[Source records]:

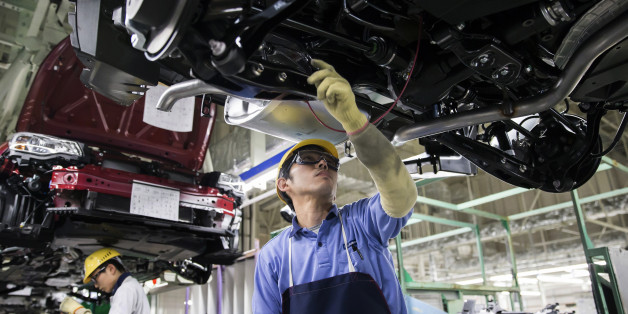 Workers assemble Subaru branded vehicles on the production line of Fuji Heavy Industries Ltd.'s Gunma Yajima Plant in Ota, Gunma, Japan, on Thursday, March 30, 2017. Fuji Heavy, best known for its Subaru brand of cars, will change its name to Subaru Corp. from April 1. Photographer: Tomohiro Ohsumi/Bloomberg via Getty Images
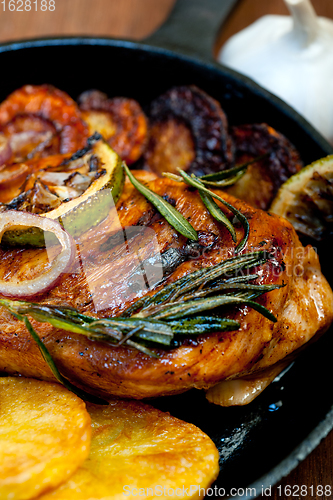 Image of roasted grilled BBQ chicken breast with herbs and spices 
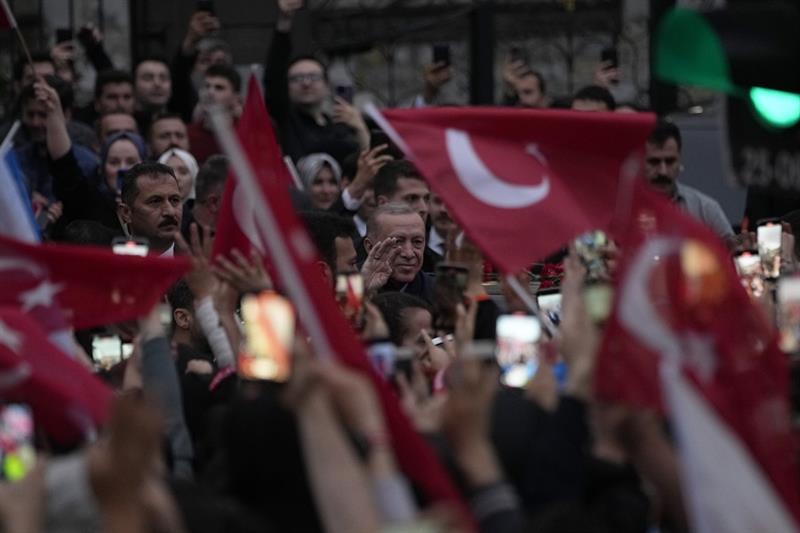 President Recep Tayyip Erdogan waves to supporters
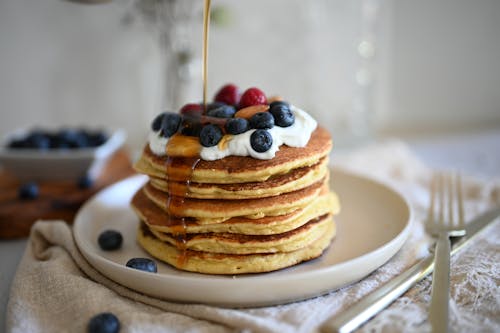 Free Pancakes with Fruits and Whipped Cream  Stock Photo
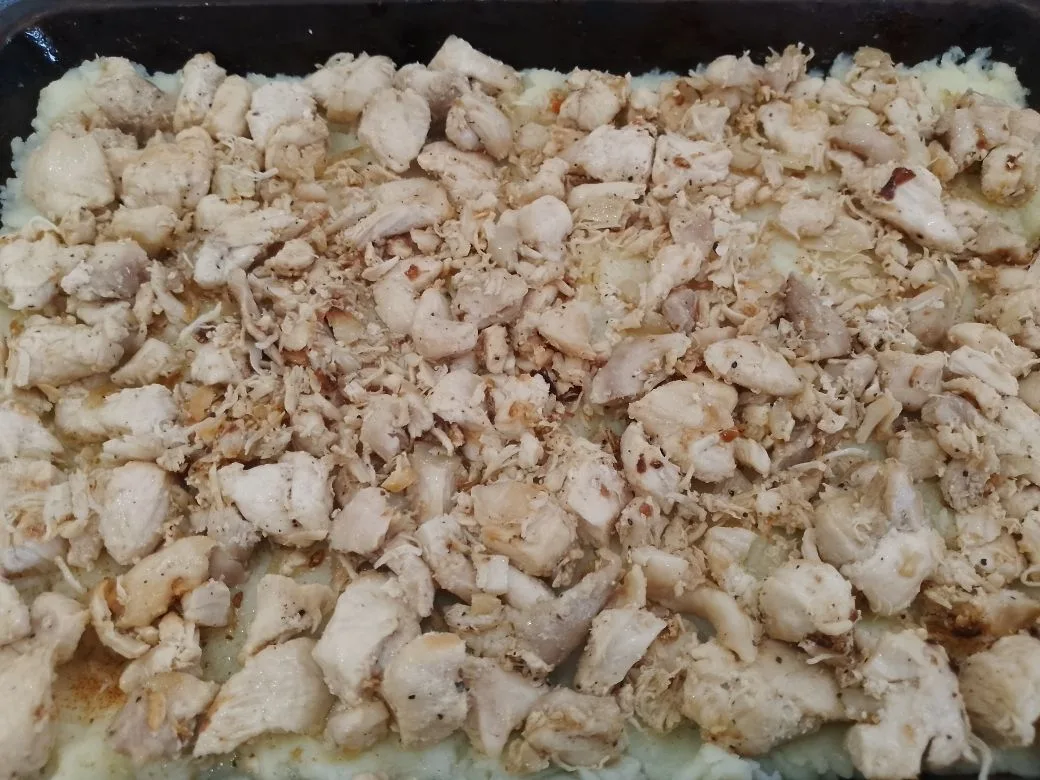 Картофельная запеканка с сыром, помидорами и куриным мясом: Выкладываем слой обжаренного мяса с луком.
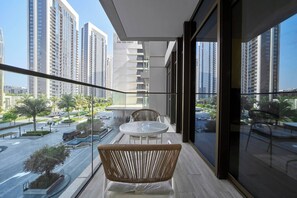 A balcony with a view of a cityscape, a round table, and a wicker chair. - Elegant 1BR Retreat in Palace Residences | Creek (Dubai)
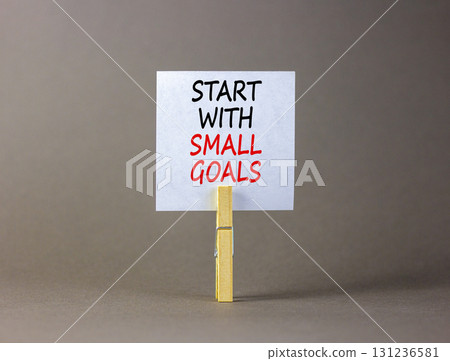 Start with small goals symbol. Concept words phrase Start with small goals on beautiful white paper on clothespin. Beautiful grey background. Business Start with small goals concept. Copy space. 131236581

[Task description]: What's needed is an exact copy of the records above from the line containing "Free Pancakes with" down to the line containing "A balcony with", both included, without any pictures.

[Your response]:
 Free Pancakes with Fruits and Whipped Cream  Stock Photo
 Картофельная запеканка с сыром, помидорами и куриным мясом: Выкладываем слой обжаренного мяса с луком.
 A balcony with a view of a cityscape, a round table, and a wicker chair. - Elegant 1BR Retreat in Palace Residences | Creek (Dubai)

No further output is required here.